The new or Christian covenant of grace, not only prescribes and commands, but gives also the power to fulfill.

In the practical dispensations of divine grace, there are number of principles which it may be important to remember.

1. God being LOVE, it is a part of His nature to desire to communicate Himself to all moral beings, and to make Himself one with them in a perfect harmony of relations and feelings. The position of God is that of giver; the position of man is that of recipient. harmonized with man by the blood and power of the Cross, he has once more become the infinite fullness, the ori­ginal and overflowing fountain, giving and ever ready to give.

2. Such are the relations between God and man, involved in the fact of man's moral agency, that man's business is to receive.

3. Souls true to the grace given them, will never suffer any diminution of it. On the contrary, the great and unchangeable condition of continuance and of growth in grace is cooperation with what we now have. This is the law of growth, not only deducible from the Divine nature, but expressly revealed and declared in the Scriptures :-" For whosoever hath, to him shall be given, and he shall have more abundance; but whosoever hath not, from him shall be taken away even that he hath."-Matt. xiii. 12.

A faithful cooperation with grace, is the most effectual pre­paration for attracting and receiving and increasing grace. This is the great secret of advancement to those high degrees which are permitted; namely, a strict, unwavering, faithful coopera­tion, moment by moment.

4. It is important correctly to understand the doctrine of cooperation. A disposition to cooperate, is not more opposed to the sinful indolence which falls behind, than to the hasty and unrighteous zeal which runs before. It is in the excess of zeal, which has a good appearance, but in reality has unbelief and self at the bottom, that we run before God.

5. Cooperation, by being calm and peaceable, does not cease to be efficacious. Souls in this purified but tranquil state are souls of power; watchful and triumphant against self; resisting temptation; fighting even to blood against sin. But it is, never­theless, a combat free from the turbulence and inconsistencies of human passion; because they contend in the presence of God, who is their strength, in the spirit of the highest faith and love, and under the guidance of the Holy Ghost, who is always tran­quil in His operations.

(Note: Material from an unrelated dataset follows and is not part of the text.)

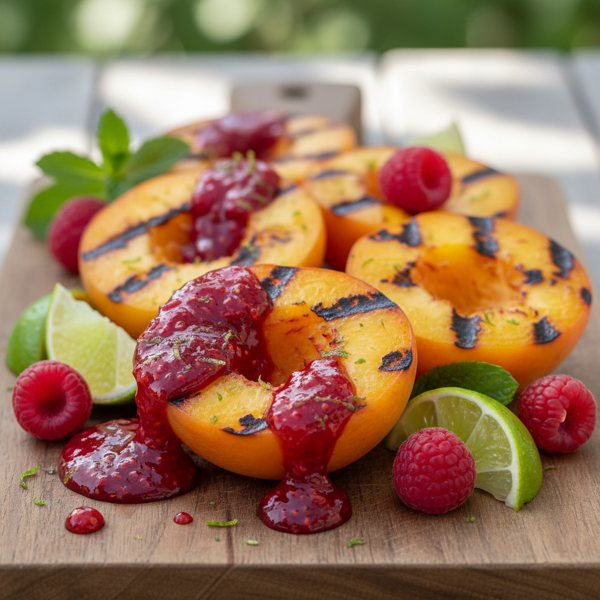 Grilled Nectarines with Raspberry-Lime Drizzle recipe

Those in the highest state of religions experience desire no­thing, except that God may be glorified in them by the accom­plishment of His holy will. Nor is it inconsistent with this, that holy souls possess that natural love which exists in the form of love for themselves. Their natural love, however, which, within its proper degree, is innocent love, is so absorbed in the love of God, that it ceases, for the most part, to be a distinct object of consciousness; and practically and truly they may be said to love themselves IN and FOR God. Adam, in his state of inno­cence, loved himself, considered as the reflex image of God and for God's sake. So that we may either say, that he loved God in himself, or that he loved himself IN and FOR God. And it is because holy souls, extending their affections beyond their own limit, love their neighbor on the same principle of loving, namely, IN and FOR God, that they may be said to love their neighbors as themselves.

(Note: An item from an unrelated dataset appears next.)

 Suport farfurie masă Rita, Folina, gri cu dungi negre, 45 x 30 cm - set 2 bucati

It does not follow, because the love of ourselves is lost in the love of God, that we are to take no care, and to exercise no watch over ourselves. No man will be so seriously and con­stantly watchful over himself as he who loves himself IN and FOR God alone. Having the image of God in himself, he has a motive strong, we might perhaps say, as that which controls the actions of angels, to guard and protect it.

It may be thought, perhaps, that this is inconsistent with the principle in the doctrines of holy living, which requires in the highest stages of inward experience, to avoid those reflex acts which consist in self-inspection, because such acts have a ten­dency to turn the mind off from God. The apparent difficulty is reconciled in this way. The holy soul is a soul with God; moving as God moves; doing as God does; looking as God looks. If, therefore, God is looking within us, as we may generally learn from the intimations of His providences, then it is a sign that we are to look within ourselves. Our little eye, our small and almost imperceptible ray, must look in, in the midst of the light of His great and burning eye. It is thus that we may inspect ourselves without a separation from God.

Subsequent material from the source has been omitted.